あらゆる情報を一箇所にまとめて管理できるNotion。かつてはEvernoteを使っていた「自分用データベース」ですが、いまはNotionにさまざまな情報を溜め込むようになりました。
ただ、EvernoteとNotionには違いがあります。そのひとつが「リレーション」という機能。
Evernoteは基本的に「点」で管理するサービスでした。ノートブックやタグを使って、ノートに属性を付与していき、「点」の集合体を作っていく。そして、検索機能を使って、圧倒的な「点」の中から目的の情報を引っ張り出すようなイメージです。
Notionの特徴は「線」です。さまざまな情報を相互に関連づけることで、「線」で繋がっていきます。Evernoteのように「検索で探す」というよりは、関連性の中から必要な情報を手繰り寄せていきます。
中でも特徴的なのが「リレーション」という機能。複数のデータベースを互いに紐づけ合うことで、情報を補完し合うことができます。
今回はこの「リレーション」を活用して、「クライアント」「プロジェクト」「タスク」の3つのデータベースを結びつけて形成する情報管理システムをご紹介します。
【目次】
Webディレクターのタスク管理の全体像
私はいま、制作会社でウェブディレクターとして勤務しています。受託の企業になりますので、複数のクライアントを担当し、その中に進行中のプロジェクトを複数抱え、細かく細分化されたタスクがぶら下がります。
日々のタスクは孤立した「点」で存在しているわけではなく、必ず何かしらのプロジェクトに関わるものであり、そのプロジェクトにはクライアントが関係します。
この「クライアント」→「プロジェクト」→「タスク」の3つの軸を、ひとつひとつ独立して管理するのではなく、線で結びつけるのが「リレーション」という機能です。
線で繋げば、完了したタスクが消滅せずにすみます。実行したタスクが、そのままプロジェクトの行動履歴となり、クライアントのアーカイブ記録として残しつづけることができるようになります。
それではさらに具体的な設定内容についてお話ししましょう。
各種データベースを作成し、プロパティからリレーションをつなぐ
まずはデータを集約するために「クライアント」「プロジェクト」「タスク」という3つのデータベースを作成します。
それぞれのデータベースに設定するプロパティは、比較的自由に設定してOKです。私は面倒くさがりなもので、あまり細かな情報をひとつひとつ設定したくありません。なのでかなり大雑把に、必要最低限のプロパティしか設定していません。
そうしたら、それぞれの情報を関連付けます。
「クライアント データベース」のプロパティを開いたら「新しいプロパティ」を選択。項目の中から「リレーション」を選択し、「プロジェクト データベース」を選択します。

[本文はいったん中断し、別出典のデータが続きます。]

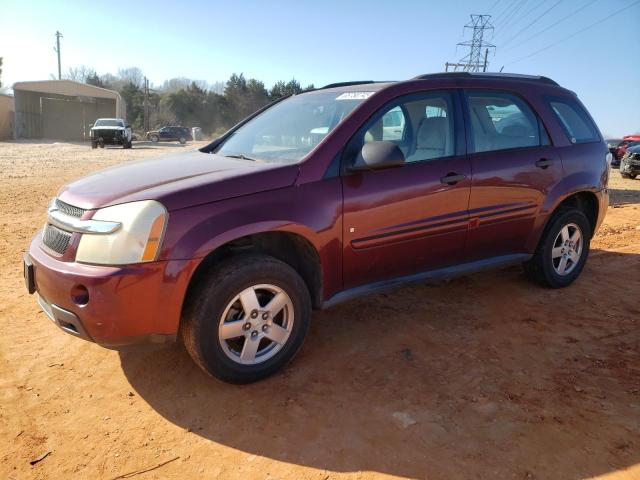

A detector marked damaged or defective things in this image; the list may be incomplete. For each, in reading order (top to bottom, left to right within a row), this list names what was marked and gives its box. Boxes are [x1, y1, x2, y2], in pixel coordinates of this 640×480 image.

damaged vehicle [89, 119, 132, 149]
damaged vehicle [620, 144, 640, 180]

同じように「プロジェクト データベース」のプロパティから「新しいプロパティ」を選択。「リレーション」を選択したら、「タスク データベース」を選択します。
これで設定は完了です。
一度リレーションを繋げば、あとは自動的に関連付けがされていく
新しいプロジェクトを作成したら、そのプロジェクトがどのクライアントに関連するものか、忘れずに指定しましょう。
タスクも同様で、新しいタスクを作成したら、リレーションから関連するプロジェクトを選択します。
これにより、作成した「タスク」がどの「プロジェクト」に関連するものなのかが把握でき、その「プロジェクト」がどの「クライアント」に関連するものかを、即座に確認できるようになります。
この「情報の関連付け」がNotionの大きな強みのひとつ。一つひとつのタスクを線でつなげることができ、管理しやすくなります。
たとえば「タスク:ワイヤーフレームを作成する」を実行するために必要な情報が欲しくなったら、プロジェクトデータベースに記載した議事録ノートをすぐに見返すことができます。
「タスク:開発環境にアップされたトップページのデザインを確認する」を実行するために、開発環境のログインパスワードが必要かもしれません。そのようなときも、クライアントデータベースに残した「アカウントWikiノート」をすぐに確認できます。
また、アーカイブとして記録を残したときにも関連付けがされているので、あとから情報を振り返りやすいというメリットがあります。
新しいプロジェクトを始めるとき、前回のプロジェクトの内容が参考にすることは多々あります。そのようなときでも、リレーションを繋いでいることで、過去の記録を即座に取り出せるのです。
見積り・スケジュール・施策の内容といったプロジェクトに関する情報が欲しければ、リレーションで繋がっているクライアントDBを開き、そこに残っている過去のプロジェクトDBを見返せば良いのです。
タスク・プロジェクト・クライアントという点を、リレーションという機能で結びつけるだけで、仕事における情報の整理整頓が飛躍的に楽になるのです。